What is the moral code of altruism? The basic principle of altruism is that man has no right to exist for his own sake, that service to others is the only justification of his existence, and that self-sacrifice is his highest moral duty, virtue and value.
Do not confuse altruism with kindness, good will or respect for the rights of others. These are not primaries, but consequences, which, in fact, altruism makes impossible. The irreducible primary of altruism, the basic absolute, is self-sacrifice—which means; self-immolation, self-abnegation, self-denial, self-destruction—which means: the self as a standard of evil, the selfless as a standard of the good.
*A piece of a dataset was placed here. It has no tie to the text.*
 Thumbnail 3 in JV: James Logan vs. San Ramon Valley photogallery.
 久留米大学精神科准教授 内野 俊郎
Do not hide behind such superficialities as whether you should or should not give a dime to a beggar. That is not the issue. The issue is whether you do or do not have the right to exist without giving him that dime. The issue is whether you must keep buying your life, dime by dime, from any beggar who might choose to approach you. The issue is whether the need of others is the first mortgage on your life and the moral purpose of your existence. The issue is whether man is to be regarded as a sacrificial animal. Any man of self-esteem will answer: “No.” Altruism says: “Yes.
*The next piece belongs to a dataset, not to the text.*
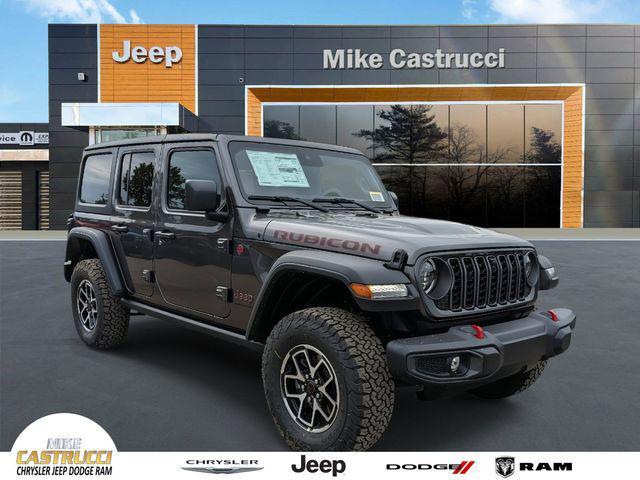 new 2024 Jeep Wrangler car, priced at $56,469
There are two moral questions which altruism lumps together into one “package-deal”: (1) What are values? (2) Who should be the beneficiary of values? Altruism substitutes the second for the first; it evades the task of defining a code of moral values, thus leaving man, in fact, without moral guidance.
Altruism declares that any action taken for the benefit of others is good, and any action taken for one’s own benefit is evil. Thus the beneficiary of an action is the only criterion of moral value—and so long as that beneficiary is anybody other than oneself, anything goes.